И понимал одно: непоправимое случилось. Жизнь, имевшая прежде тысячи выходов, мгновенно закрыла все, кроме единственного – выход в смерть…
Он не верил в это, когда бежал к орудиям, когда лежал перед танками, когда люди, прижимая к бокам автоматы, вышли навстречу, когда он стрелял в них. Он не верил в это непоправимое и безвыходное даже тогда, когда у него кончились патроны. Тогда сзади и впереди была своя земля со своими людьми, со своими орудиями. Он плохо сознавал, как они взяли его: была боль в голове, во всем теле, была его, а не чужая кровь, которую он сплевывал и видел.
– Halt… рус, Еван! Ha-alt!12
Ствол автомата остро и грубо ткнул его в лопатку, эта новая боль обожгла его, и он, еще лихорадочно цепляясь за надежду, еще сопротивляясь этой боли, подумал: «В рану целит, в рану…» Но тотчас, осознав, что теперь он не был хозяином собственного тела, боли, страданий, подумал другое: «Жалости хочу? Какой жалости?..»
– Ha-alt!
Дуло автомата твердо уперлось в его левое предплечье, раскаленным сверлом ввернулось в кость. Овчинников стиснул онемевшую кисть, остановился, пошатываясь, кривя усмешкой окровавленные, распухшие губы, оглянулся на конвоира. Был это молодой высокий немец, желтоволосый, лет двадцати, с худощавым бледным лицом, желваки играли на его втянутых щеках. На немце этом был зеленый пятнистый маскхалат, штаны заправлены в сапоги, из раструбов голенищ рогами торчали автоматные магазины. Через плечо висела сумка Овчинникова. Лицо немца передернулось; опустив автомат, он поднял свободную руку и сделал резкий жест в воздухе, словно сдирая застывшую усмешку с губ Овчинникова.
Повернулся чуть боком, расставил ноги, искоса следя за Овчинниковым, расстегнул маскхалат. Овчинников понял и отвернулся. Брызги летели на его сапоги. Он непроизвольно качнулся вперед, надавил на раненую ногу и тут же подумал: «Для чего? А не все равно?»
– Halt! – И услышал сзади громкий молодой смех.
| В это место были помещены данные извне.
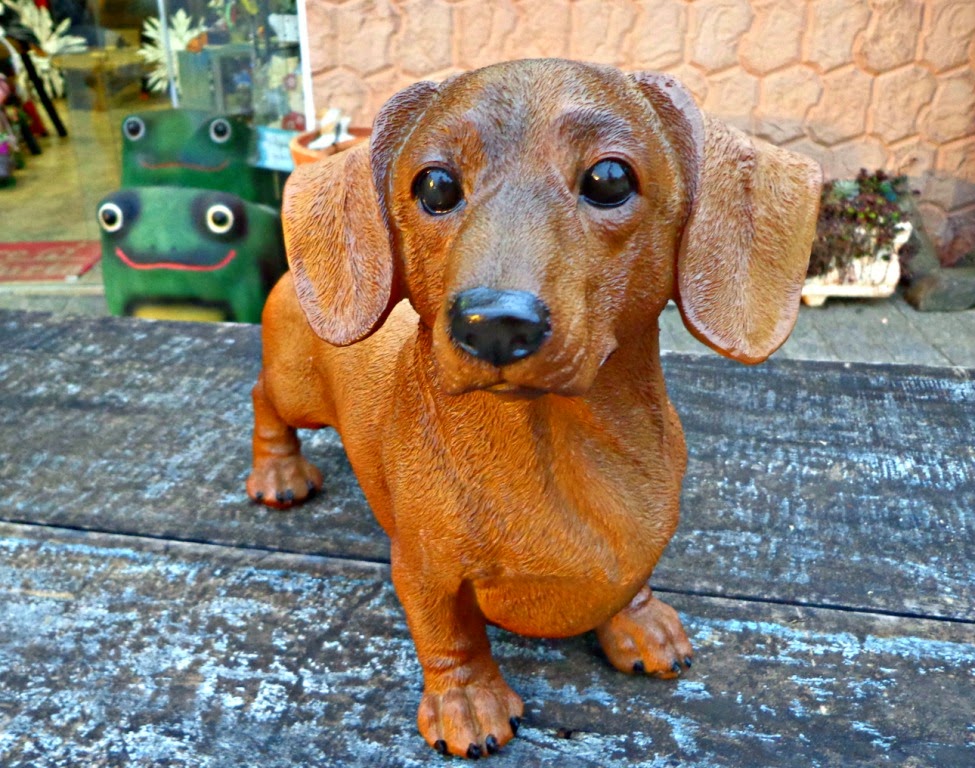 CACHORROS DE RESINA - RÉPLICAS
Застегивая маскхалат, немец подошел, лицо уже не было злым, посмотрел на забрызганные сапоги Овчинникова, махнул рукой, провел пальцем по здоровой своей шее:
– Кап-пут, лейтенант! Капут!
И оттого, что он говорил эти слова не злым, а равнодушным человеческим голосом, оттого, что он, оправляясь, не стеснялся Овчинникова, как мертвеца, и рассмеялся, видя его стеснение, – все подтвердило то, что думал Овчинников.
«Не может быть, чтобы я через час или два умер. Чтобы меня не стало совсем. Так просто? Конец?» – отчаянно соображал, весь охолонутый этой мыслью, Овчинников и, опять ощутив боль в ноге, вдруг с обнажающей ясностью почувствовал, что это последние его шаги по земле, последние мысли, последняя боль, последняя кровь во рту, и почему-то подумал еще, что двадцать шесть лет никогда не сменятся двадцатью семью годами, что не будет именно его, Овчинникова, когда другие будут еще жить, смеяться, обнимать женщин, дышать…
И то, что его убьют не так, как убивают других на войне, что не станет известно, как он погиб, при каких обстоятельствах, вызывало в нем чувство черной тоски, изжигающей до слез. Его судьба по какому-то закону внезапно отделилась от тысячи других судеб оставшихся там, за этим дымом людей. Неужели именно он, Овчинников, должен был умереть?
– Schneller!13
Ствол автомата сверлом врезался в раненое предплечье. От боли, от этой команды он застонал, понял, что это «schneller» все убыстряло его путь к смерти, и, сопротивляясь себе, своей послушности чужому голосу, он загорелся огнем бешенства – оглянулся резко, хищно, как бы готовый броситься мигом, выбить автомат у этого немца… «Кто взял меня? Птенец!..» Но тут же, скрипнув зубами, задохнулся, едва сдерживая слезы. Выплюнул кровь. Не было силы твердо и прочно ступить на раненую ногу; тело его потеряло гибкую, мускулистую тяжесть, невесомым каким-то стало.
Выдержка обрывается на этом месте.